Research: BONURA and TENENBAUM,

Listed in Issue 262

Abstract

BONURA and TENENBAUM,1. Center for Faculty Excellence, Walden University, Minneapolis, MN studied the effect of a yoga intervention on psychological health in older adults.

Background

The objective of this study was to assess the effect of a yoga intervention on psychological health in older adults.

Methodology

A randomized controlled trial study, conducted at 2 North Florida facilities for older adults.
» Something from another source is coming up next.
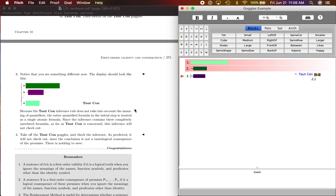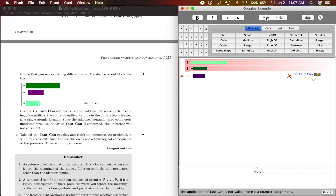Colors are a little different because the tauticon inference rule does not take into account the meanings of quantifiers. Remember that quantifier there? The entire quantified formula in the initial step is treated as a single atomic formula. Since the inference contains three completely unrelated formulas — as far as tauticon is concerned — this inference will not check out. This is like going A, then not B, therefore not C, and that's obviously not a tautological consequence.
Subjects were 98 older adults, ages 65 to 92. Participants were randomly assigned to chair yoga, chair exercise, and control groups and assessed preintervention, postintervention, and 1-month follow-up on the State Anger Expression Inventory, State Anxiety Inventory, Geriatric Depression Scale, Lawton's PGC Morale Scale, General Self-Efficacy Scale, Chronic Disease Self-Efficacy Scales, and Self- Control Schedule.

Results

Yoga participants improved more than both exercise and control participants in anger (Cohen's d = 0.89 for yoga versus exercise, and 0.90 for yoga versus control, pre-test to post-test; and d = 0.90 and 0.72, pre-test to follow-up), anxiety (d = 0.27, 0.39 and 0.62, 0.63), depression (d = 0.47, 0.49 and 0.53, 0.51), well-being (d = 0.14, 0.49 and 0.25, 0.61), general self-efficacy (d = 0.63, 1.10 and 0.30, 0.85), and self-efficacy for daily living (d = 0.52, 0.81 and 0.27, 0.42). Changes in self-control moderated changes in psychological health.

Conclusion

Over a 6-week period, our findings indicate yoga's potential for improving psychological health in older adults.

References

Bonura KB1, Tenenbaum G. Effects of yoga on psychological health in older adults. J Phys Act Health. 11(7):1334-41. Sep 2014. doi: 10.1123/jpah.2012-0365. Epub Dec 20 2013.